Our schools, which should be spaces of hope and healing, are turning into sites of quiet suffering. They are places where inequality, poverty and discrimination collide and children are left to pick up the pieces.
We call education a right, yet for many children in Africa, it’s treated like a privilege. Poverty, stigma, and gender-based barriers — from unpaid fees to early pregnancy — push children, especially girls, out of classrooms. Add to that the daily threat of violence and harmful stereotypes, and school becomes a place of silence, shame and invisible wounds.
Poverty creates a vicious cycle. Children from low-income families often miss school, are pushed into labor, and face violence at home or school. With days spent fetching water, working, or caring for siblings, it’s unrealistic to expect them to focus in class. When they do attend, tired and distracted, they’re often punished or labelled as failures. This emotional harm damages their self-esteem. Many children face immense pressure from poverty, abuse, and discrimination, yet there are few outlets to cope or heal. Some fall into depression, while others lose hope altogether.

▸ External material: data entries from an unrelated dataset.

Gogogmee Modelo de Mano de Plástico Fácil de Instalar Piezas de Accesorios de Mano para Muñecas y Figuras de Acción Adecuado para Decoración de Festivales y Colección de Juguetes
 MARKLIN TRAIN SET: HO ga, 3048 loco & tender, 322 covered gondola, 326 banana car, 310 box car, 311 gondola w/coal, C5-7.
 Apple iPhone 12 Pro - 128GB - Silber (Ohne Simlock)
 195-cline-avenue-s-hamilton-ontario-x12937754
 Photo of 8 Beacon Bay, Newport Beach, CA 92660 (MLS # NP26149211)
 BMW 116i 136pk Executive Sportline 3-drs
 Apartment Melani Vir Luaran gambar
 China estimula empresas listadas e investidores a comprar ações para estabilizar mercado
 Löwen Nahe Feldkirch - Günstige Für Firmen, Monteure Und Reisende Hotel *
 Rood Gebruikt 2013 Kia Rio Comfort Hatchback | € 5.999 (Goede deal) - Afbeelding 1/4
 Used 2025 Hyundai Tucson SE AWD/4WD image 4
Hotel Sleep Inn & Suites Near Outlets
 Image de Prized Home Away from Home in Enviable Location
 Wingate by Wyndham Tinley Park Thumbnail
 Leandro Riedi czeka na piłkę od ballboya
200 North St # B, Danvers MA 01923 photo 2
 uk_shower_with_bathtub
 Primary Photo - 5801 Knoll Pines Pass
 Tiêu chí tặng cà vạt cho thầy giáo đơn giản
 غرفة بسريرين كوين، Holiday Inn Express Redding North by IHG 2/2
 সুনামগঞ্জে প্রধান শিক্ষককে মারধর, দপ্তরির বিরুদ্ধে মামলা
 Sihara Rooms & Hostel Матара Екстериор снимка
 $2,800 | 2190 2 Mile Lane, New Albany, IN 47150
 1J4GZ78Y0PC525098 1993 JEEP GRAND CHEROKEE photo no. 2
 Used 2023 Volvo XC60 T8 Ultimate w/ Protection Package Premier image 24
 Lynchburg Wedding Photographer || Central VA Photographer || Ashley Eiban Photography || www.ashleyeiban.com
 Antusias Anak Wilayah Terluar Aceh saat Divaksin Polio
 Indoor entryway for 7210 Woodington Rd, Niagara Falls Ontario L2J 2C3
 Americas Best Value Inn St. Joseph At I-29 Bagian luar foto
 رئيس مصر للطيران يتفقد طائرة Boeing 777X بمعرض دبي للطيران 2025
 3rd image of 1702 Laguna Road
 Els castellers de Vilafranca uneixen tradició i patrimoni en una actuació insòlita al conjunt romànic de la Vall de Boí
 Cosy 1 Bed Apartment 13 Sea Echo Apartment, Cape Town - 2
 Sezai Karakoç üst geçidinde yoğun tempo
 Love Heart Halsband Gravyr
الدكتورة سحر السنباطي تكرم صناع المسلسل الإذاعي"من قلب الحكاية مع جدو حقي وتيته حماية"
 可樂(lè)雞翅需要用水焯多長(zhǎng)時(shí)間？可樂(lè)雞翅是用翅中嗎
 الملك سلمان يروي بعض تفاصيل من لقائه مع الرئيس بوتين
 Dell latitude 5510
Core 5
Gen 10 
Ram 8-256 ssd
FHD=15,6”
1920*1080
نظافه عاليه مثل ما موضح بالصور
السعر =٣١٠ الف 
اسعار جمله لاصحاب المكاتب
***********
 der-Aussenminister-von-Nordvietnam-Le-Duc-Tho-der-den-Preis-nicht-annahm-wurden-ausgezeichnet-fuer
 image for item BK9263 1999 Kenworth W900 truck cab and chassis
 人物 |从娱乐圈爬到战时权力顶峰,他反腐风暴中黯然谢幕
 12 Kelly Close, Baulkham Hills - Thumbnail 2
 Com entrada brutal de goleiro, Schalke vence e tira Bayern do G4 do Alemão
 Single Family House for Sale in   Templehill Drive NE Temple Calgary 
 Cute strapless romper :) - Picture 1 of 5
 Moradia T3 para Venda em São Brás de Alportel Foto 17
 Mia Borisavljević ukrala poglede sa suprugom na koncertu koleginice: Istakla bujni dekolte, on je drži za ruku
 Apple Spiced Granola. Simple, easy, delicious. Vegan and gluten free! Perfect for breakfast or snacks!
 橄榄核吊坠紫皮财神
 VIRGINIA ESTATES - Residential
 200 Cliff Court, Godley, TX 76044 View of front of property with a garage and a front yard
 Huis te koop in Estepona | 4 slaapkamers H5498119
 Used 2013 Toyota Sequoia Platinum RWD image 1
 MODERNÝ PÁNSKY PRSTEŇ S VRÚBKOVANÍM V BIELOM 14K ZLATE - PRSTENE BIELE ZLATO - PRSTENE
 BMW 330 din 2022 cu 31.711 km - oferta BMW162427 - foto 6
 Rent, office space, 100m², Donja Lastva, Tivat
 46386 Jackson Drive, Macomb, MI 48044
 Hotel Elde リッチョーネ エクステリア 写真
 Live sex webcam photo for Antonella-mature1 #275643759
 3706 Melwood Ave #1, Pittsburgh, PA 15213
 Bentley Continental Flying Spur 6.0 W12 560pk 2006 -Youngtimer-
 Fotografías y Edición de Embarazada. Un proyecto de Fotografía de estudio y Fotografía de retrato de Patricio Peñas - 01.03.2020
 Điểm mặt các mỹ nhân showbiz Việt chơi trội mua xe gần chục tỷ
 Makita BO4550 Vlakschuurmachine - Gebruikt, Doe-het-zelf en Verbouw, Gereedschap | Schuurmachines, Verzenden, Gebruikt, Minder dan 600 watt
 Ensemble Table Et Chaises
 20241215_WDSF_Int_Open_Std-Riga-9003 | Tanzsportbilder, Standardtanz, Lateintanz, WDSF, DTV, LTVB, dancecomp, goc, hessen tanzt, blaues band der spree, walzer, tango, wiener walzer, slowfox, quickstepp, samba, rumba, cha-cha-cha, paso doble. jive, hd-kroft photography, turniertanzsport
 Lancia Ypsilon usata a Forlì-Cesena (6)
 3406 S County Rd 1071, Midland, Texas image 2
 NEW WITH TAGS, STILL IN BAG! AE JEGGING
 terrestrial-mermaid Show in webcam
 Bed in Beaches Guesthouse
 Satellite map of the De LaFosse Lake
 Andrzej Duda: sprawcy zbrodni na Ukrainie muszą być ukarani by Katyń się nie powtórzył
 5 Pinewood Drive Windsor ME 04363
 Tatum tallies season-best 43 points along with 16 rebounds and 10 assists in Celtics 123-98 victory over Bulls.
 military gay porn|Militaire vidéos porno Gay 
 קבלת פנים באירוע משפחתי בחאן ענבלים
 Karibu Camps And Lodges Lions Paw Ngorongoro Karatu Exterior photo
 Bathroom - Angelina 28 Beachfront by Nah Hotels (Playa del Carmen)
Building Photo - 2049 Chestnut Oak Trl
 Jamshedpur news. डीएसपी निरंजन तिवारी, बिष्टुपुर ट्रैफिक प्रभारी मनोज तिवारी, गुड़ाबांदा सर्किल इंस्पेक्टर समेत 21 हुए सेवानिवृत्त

What we are seeing is a failure of the system. But more than that, it’s a failure of empathy. A failure to prioritise our children’s well-being beyond academics. A failure to create positive school cultures where kindness, care and safety are non-negotiable.
Every child should feel they belong. They need schools where their background doesn’t determine how they are treated. Where gender doesn’t dictate opportunity. Where every teacher understands that their job is not just to educate but to protect and to nurture.
Oh, let us draft the policies. Let us design the perfect framework for a better school culture — inclusive, safe, nurturing. And yes, of course we can. We have the brains, the language, the ambition.
But the real question is: are we practising it? Or, even more honestly, are we ready to practice it?
Policies without action are just ink on paper. Schools can hang charters of children’s rights on the wall, but if those rights are not lived out in the classrooms, in the hallways and in the hearts of every adult interacting with a child — then we’ve failed before we even began.
People often say that change starts with one person. That sounds poetic. But I say real change begins when that one person dares to act differently — even when it’s hard, even when it’s unpopular.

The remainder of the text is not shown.